Anybody else suffering a credibility gap over the amazing claims being made for the “car share cameras” that are going to police the brave new world of paid-for motorway fastlanes?
Now the Government’s much-vaunted plans to introduce national road charging appear to have collapsed – or at the very least lost a couple of wheels – we’re now faced with the equally daft proposal to reserve priority lanes on motorways for those who can pay to travel in them or for vehicles carrying more than one occupant.
These will be policed, we’re assured, by the new wave of super-clever “dtect” cameras that will be used to count the number of occupants in the car. And then, if a number greater than 1 isn’t found, it will presumably consult the all-knowing Swansea database and stick a fine in the post.

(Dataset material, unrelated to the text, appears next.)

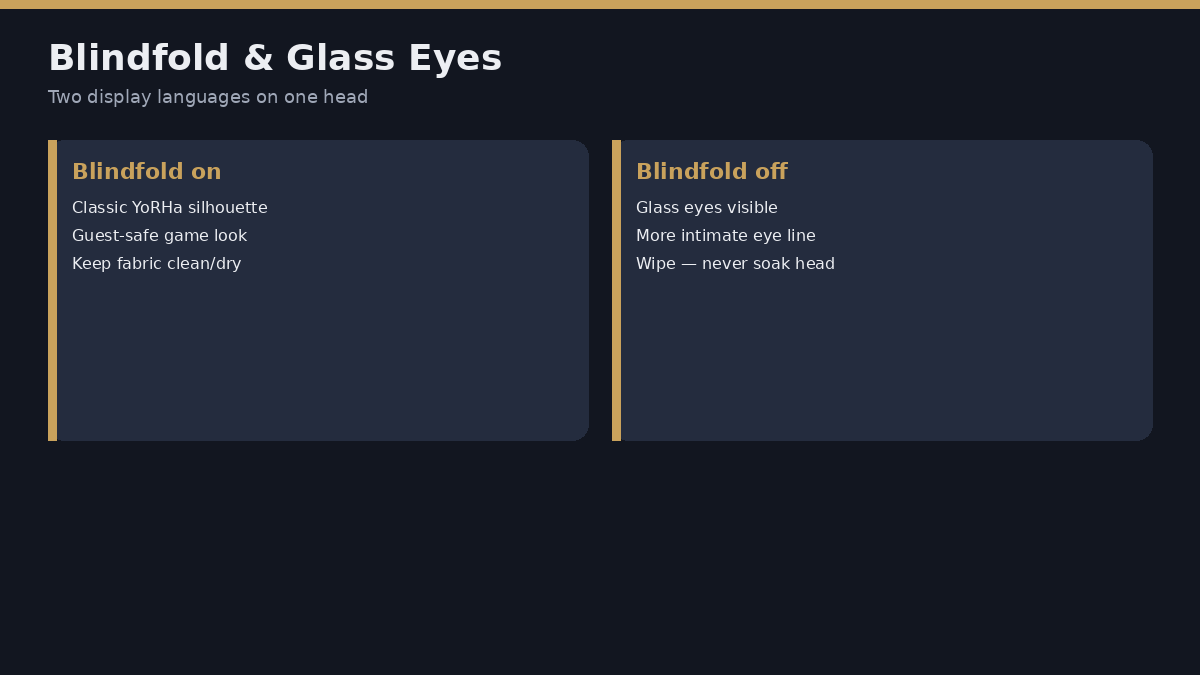 2B sex doll blindfold and glass eyes display options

There’s just one big problem: I don’t believe there’s any chance the system will work.
Some questions: how does it deal with rear-facing child seats? How does it deal with vehicles where occupants don’t sit in seats facing the direction of travel (like in the back of a Land Rover Defender, or the boot of one of those “7-seat” Peugeot 505 estates)? Or seats in the back of vans? How does it cope with people who set the seat high and have the sunvisor down? How can it detect somebody sleeping or slumping? How can it tell – with the sort of 100 per cent accuracy you’d think was necessary for issuing a summons – that your rear seat passengers don’t routinely sit with a heat-proof blanket over their heads?
The last thing we need is more of our traffic policing devolved to expensive and inaccurate automated systems. If HM’s Govt is serious about the importance of “high occupancy lanes” it needs to commit the resources to police them properly.